## Stored entries

___

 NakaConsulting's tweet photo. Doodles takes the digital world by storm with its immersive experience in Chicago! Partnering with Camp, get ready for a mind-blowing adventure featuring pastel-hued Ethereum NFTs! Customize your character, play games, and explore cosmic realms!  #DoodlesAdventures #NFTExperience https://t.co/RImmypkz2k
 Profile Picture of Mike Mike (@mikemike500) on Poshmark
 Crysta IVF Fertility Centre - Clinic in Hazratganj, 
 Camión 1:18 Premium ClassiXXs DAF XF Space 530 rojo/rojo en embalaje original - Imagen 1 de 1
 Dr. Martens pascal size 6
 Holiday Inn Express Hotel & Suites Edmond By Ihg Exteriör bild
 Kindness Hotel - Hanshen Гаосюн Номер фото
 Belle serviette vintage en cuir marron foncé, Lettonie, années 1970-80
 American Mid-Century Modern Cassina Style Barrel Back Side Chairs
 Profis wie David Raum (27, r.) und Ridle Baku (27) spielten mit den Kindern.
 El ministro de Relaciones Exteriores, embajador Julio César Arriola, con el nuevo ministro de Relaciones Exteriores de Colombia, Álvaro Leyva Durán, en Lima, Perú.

___

## Task objective
Find the number of lines in the records that contain "Hotel", and write that number only.

## Expected answer
2